I looked up the word “solo” today on Thesaurus.com, not because I’m obsessed with my singlehood, but because I was searching for a column title about my solo law practice for a legal newsletter. The results, nonetheless, beg to be shared with all of singlekind.
According to Thesaurus.com, “solo” is equivalent to such words as “companionless, friendless, solitary, abandoned, deserted, desolate, detached, forlorn, forsaken, hermit, isolated, lonely, secluded, loner,” and — my personal favorite — “matchless.” A couple of cute ones, too: “me and my shadow, me myself and I, traveling light.”
Before I go off on the audacity of Thesaurus.com (its editors must all be married!), let me focus on two other synonyms the website listed for “solo”: “unaided” and “unassisted.” Two weeks ago a thief broke into my house. (I’m writing this on my new laptop, courtesy of the fine people at State Farm.) Two nights later my mom, who was visiting, huddled next to me in my bed in the dark, too spooked to sleep alone. Jumping at every thud of a cat leaping off the kitchen counter, Mom finally whispered so the thieves wouldn’t hear, “Amy, I don’t care anymore if you get yourself a man to father my grandchildren. You need a man to protect you.”

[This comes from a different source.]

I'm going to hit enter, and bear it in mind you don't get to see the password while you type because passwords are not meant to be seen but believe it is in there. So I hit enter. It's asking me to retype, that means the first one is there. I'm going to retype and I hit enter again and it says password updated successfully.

Before I go off on how old-fashioned her comment is, let me pause and reflect. Do I really need a man? This is a tough question for modern gals. Most of the time I march bravely and independently through life, hauling stuff in my truck bed, teetering fearlessly on the top rung of a ladder to clean my gutters, wiping up my cats’ hairballs without so much as a gag. But when I’m at my most vulnerable (read: victim of a crime), I must admit, a male type with thick muscles and a booming voice might come in handy.

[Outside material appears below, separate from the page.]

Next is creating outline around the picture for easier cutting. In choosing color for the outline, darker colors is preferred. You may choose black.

I dunno, Mom. Do I really need a man? Let’s consider the pro’s and con’s.
On one hand, a man could:
• Retrieve the Christmas tree from the attic
• Provide the warm legs for my cold feet
• Remove spiders from my bathtub drain ― with his bare hands
• Be my dance partner during slow dances at weddings
• Tell me about his day and care to hear about mine
• Qualify us for invitations to couples’ dinner parties
• Give me an excuse to bake cookies
• Know the tires need replacing just by looking at them
• Bring me flowers just because
• Wait for me in the middle of the mall while I’m trying on clothes
• Grill steaks for us
• Hold my hand when it’s withered and spotted with age
• Share the mortgage payment
• Scrape the windshield on cold winter mornings ― with his bare hands
• Make babies
On the other hand, a man could:
• Insist on football on Thanksgiving Day instead of old Christmas movies
• Cause me to fall into the toilet in the middle of the night
• Double my laundry pile and triple my dishes pile
• Insist on getting a big dog and feign allergies to my cats
• Insist on talking about his day when I’m exhausted and just want to read my Cooking Light
• Forget our anniversary. And my birthday. And Valentine’s Day
• Require me to relearn the manners of a housemate (clothing, daily showers, teeth-brushing)

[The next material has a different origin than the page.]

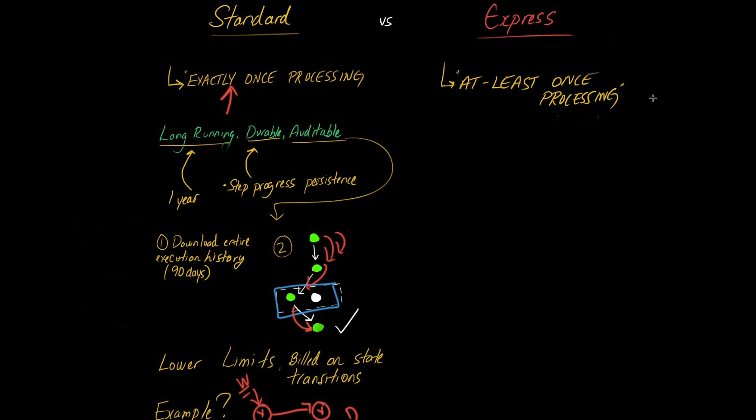And it's also possible that if you have two step function instances that are started with the same ID at almost exactly the same time, it's possible that both of them will be started and both of them will run. So if that's a case that's not tolerable in your application, then you should be staying away from Express step functions.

• Decorate the house with a brown sofa and layer of tan paint
• Stash the fridge with full-calorie beer and the cupboards with Cheetos
• Insist on trying to make babies when I just want to read my Cooking Light
Hmmm. The balance seems to be in favor of adding a man to my forlorn, companionless, hermit-like single-girl existence.
Or I could always get a home-security system.